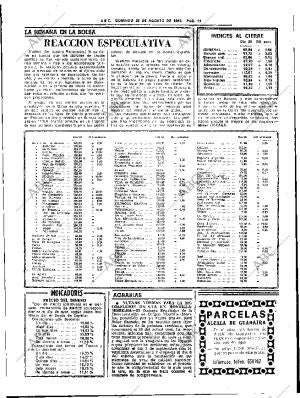 ABC SEVILLA 22-08-1982 página 27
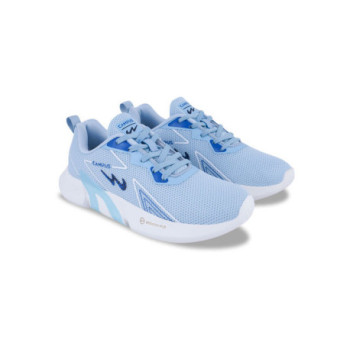 Campus  Elio Blue Women...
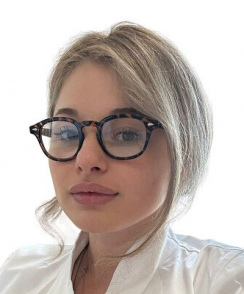 Ашхацава Турна Игоревна невролог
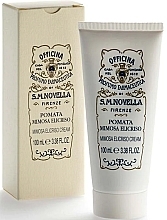 Kup Krem do ciała z mimozą - Santa Maria Novella Mimosa Elicriso Cream 
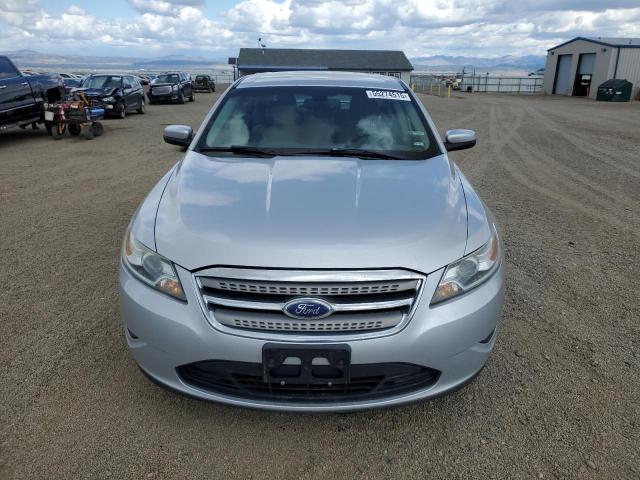Photo 5 from auction – 2011 FORD TAURUS SEL with VIN 1FAHP2EW9BG169537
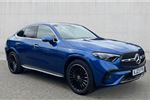 2023 Mercedes-Benz GLC Coupe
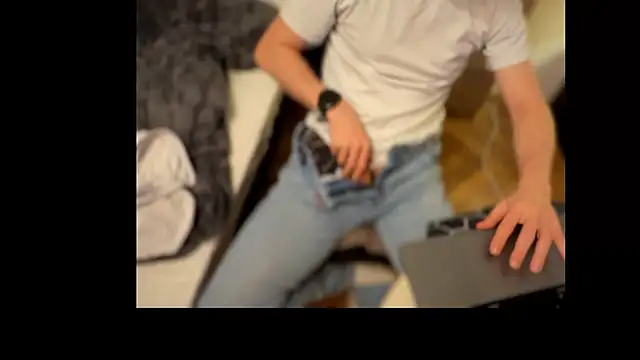 AfterTheRun Webcam Show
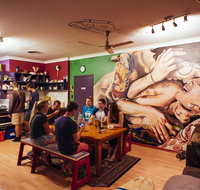 Beachside Backpackers - New Castle Holiday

- PROMPT -
The reply should hold an exact repeat of the entries from their opening line through the line with "2023 Mercedes-Benz GLC Coupe", and no pictures at all.

- FINISHED EXERCISE -
 ABC SEVILLA 22-08-1982 página 27
 Campus  Elio Blue Women...
 Ашхацава Турна Игоревна невролог
 Kup Krem do ciała z mimozą - Santa Maria Novella Mimosa Elicriso Cream 
Photo 5 from auction – 2011 FORD TAURUS SEL with VIN 1FAHP2EW9BG169537
 2023 Mercedes-Benz GLC Coupe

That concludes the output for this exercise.